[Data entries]
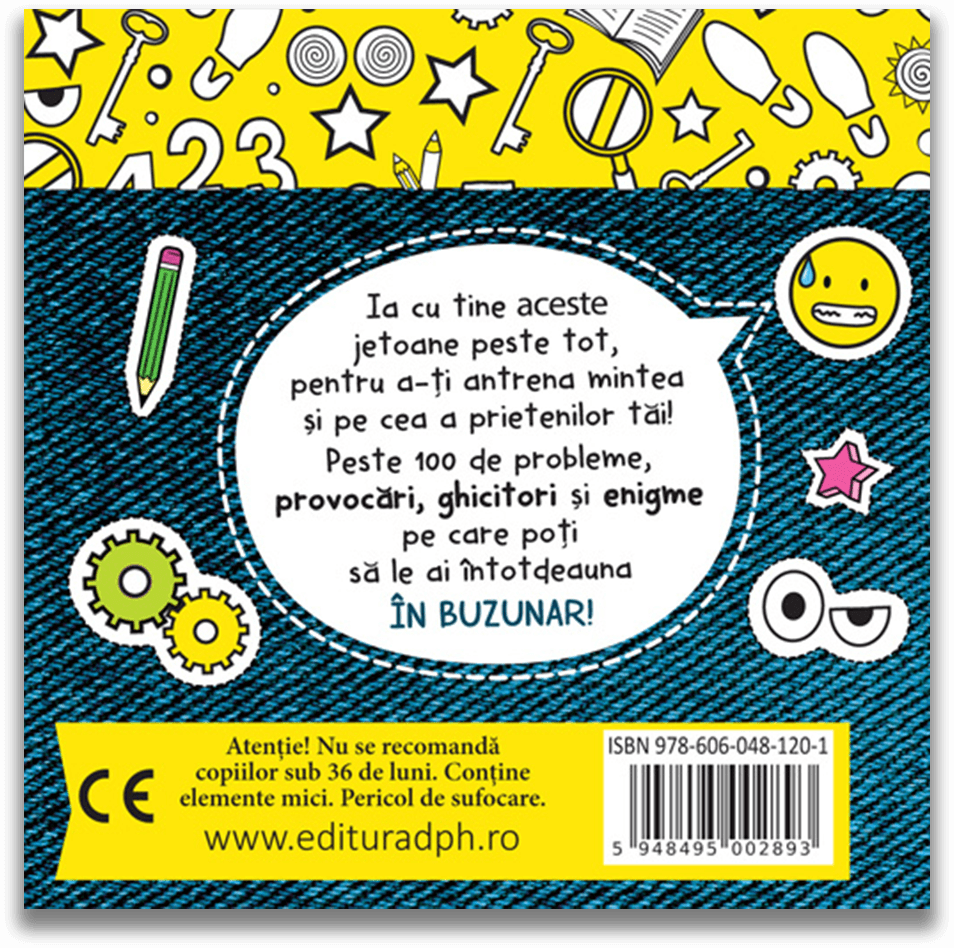 DPH-Enigme inteligente: Antreneaza-ti creierul! [2]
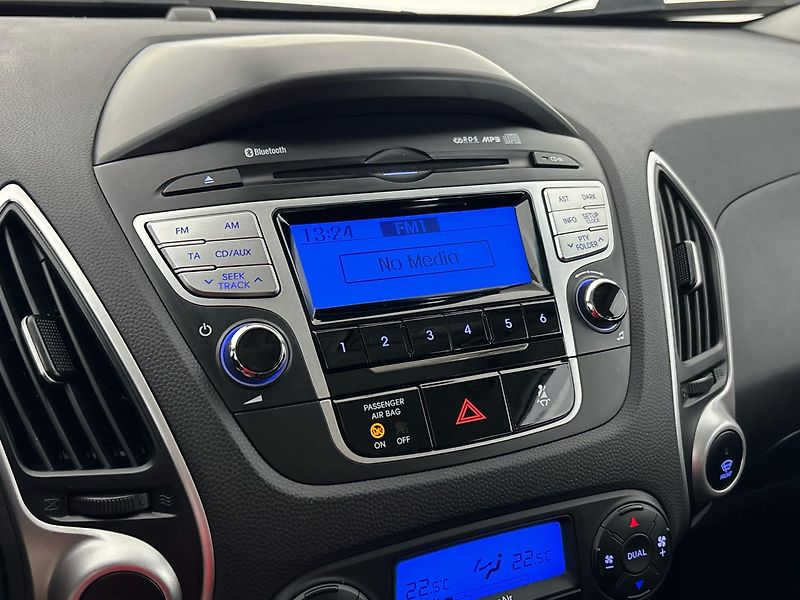 Hyundai ix35 SUV - fotka 24 z 27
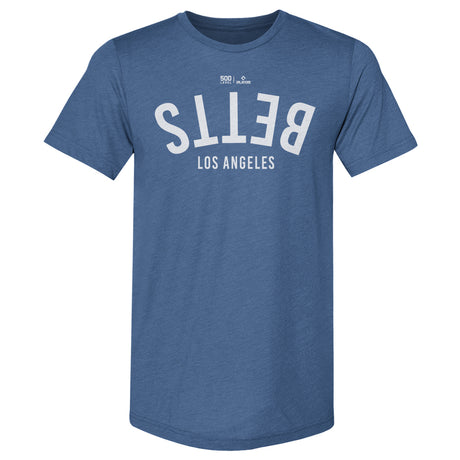 Mookie Betts Men's Premium T-Shirt | 500 LEVEL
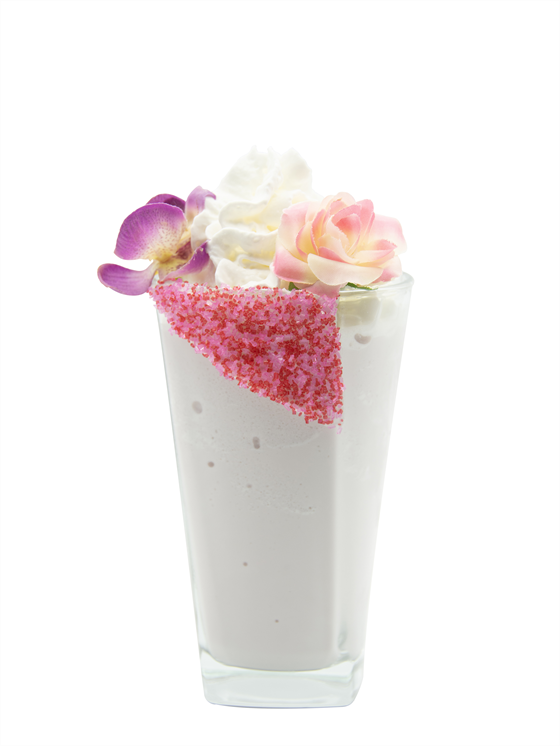 Spring Bouquet Shake Recipe - Monin US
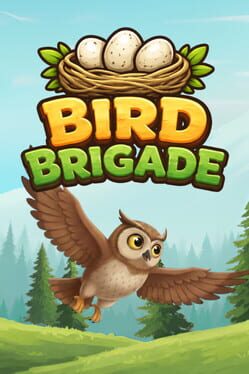Bird Brigade Cover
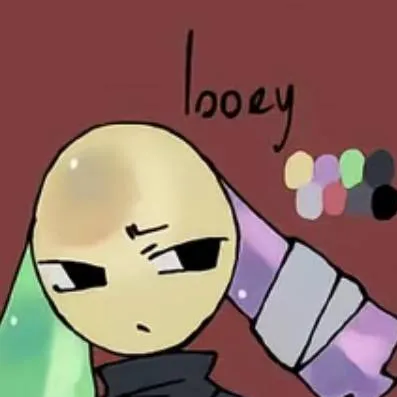 chat with ai character: Looey [Vampire au]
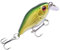 Tiajingzi Bassfischerei Köder, Fischköder - Swimbait für Forellen - Wobbler schwimmend Action Lure für Bassforellen Wels Ice Kayak Fly Offshore Teichfischen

- _Exercise_:
Keep the pictures out and print all the records exactly as they are.

- _Result of the task_:
 DPH-Enigme inteligente: Antreneaza-ti creierul! [2]
 Hyundai ix35 SUV - fotka 24 z 27
 Mookie Betts Men's Premium T-Shirt | 500 LEVEL
 Spring Bouquet Shake Recipe - Monin US
Bird Brigade Cover
 chat with ai character: Looey [Vampire au]
 Tiajingzi Bassfischerei Köder, Fischköder - Swimbait für Forellen - Wobbler schwimmend Action Lure für Bassforellen Wels Ice Kayak Fly Offshore Teichfischen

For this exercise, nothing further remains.